* [Prompt] In the records that follow, find the line containing "Disc Golf Art" and the line containing "Adjustable Double Arm", then transcribe both and every line between them exactly, omitting pictures.

* [Material shown]
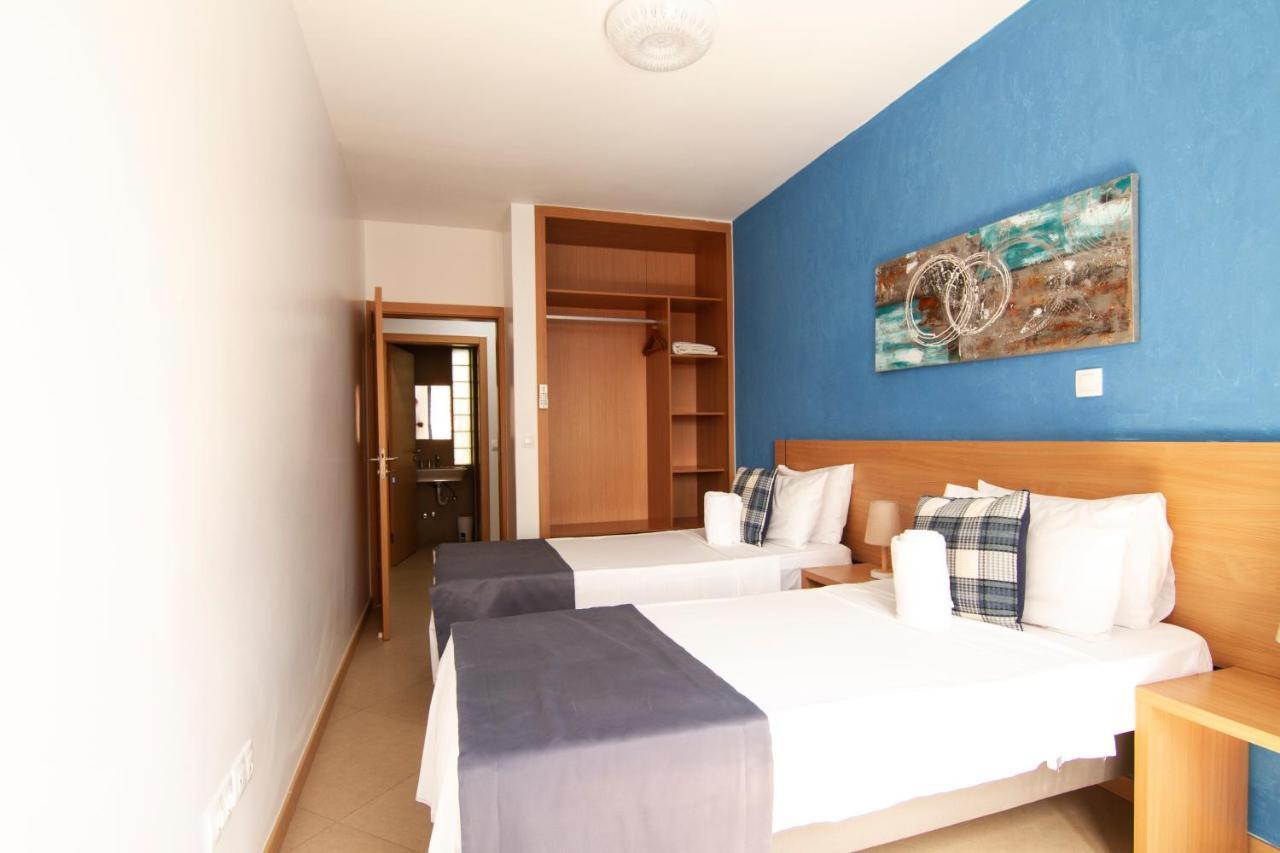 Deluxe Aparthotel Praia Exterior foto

* * *

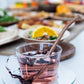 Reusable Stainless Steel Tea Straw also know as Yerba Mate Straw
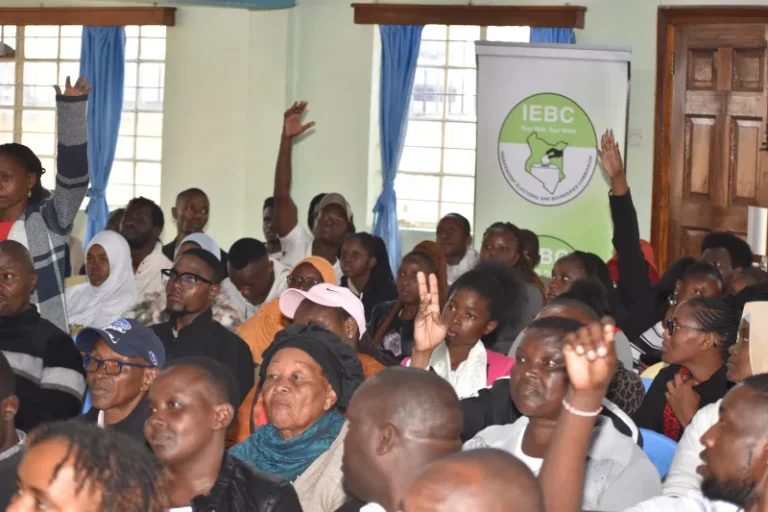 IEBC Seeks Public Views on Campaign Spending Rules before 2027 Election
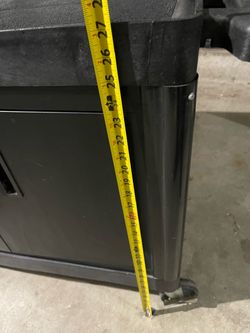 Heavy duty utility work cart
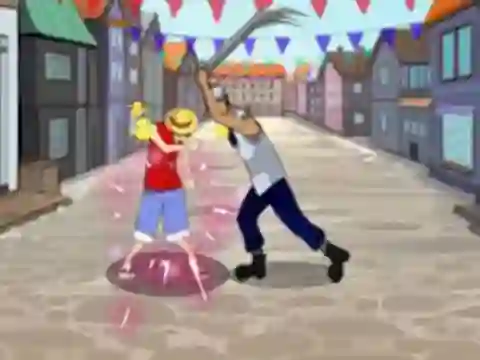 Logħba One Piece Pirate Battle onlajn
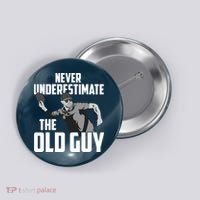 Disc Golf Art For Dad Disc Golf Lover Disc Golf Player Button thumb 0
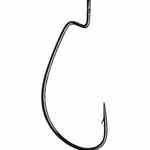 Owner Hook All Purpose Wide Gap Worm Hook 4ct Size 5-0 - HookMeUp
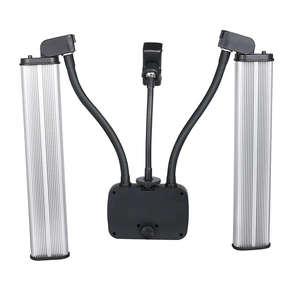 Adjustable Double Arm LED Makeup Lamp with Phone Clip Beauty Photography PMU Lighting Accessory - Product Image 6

---

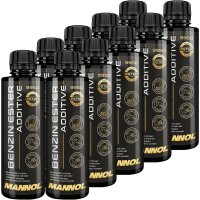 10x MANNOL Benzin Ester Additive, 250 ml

* [Response to the task]
 Disc Golf Art For Dad Disc Golf Lover Disc Golf Player Button thumb 0
 Owner Hook All Purpose Wide Gap Worm Hook 4ct Size 5-0 - HookMeUp
 Adjustable Double Arm LED Makeup Lamp with Phone Clip Beauty Photography PMU Lighting Accessory - Product Image 6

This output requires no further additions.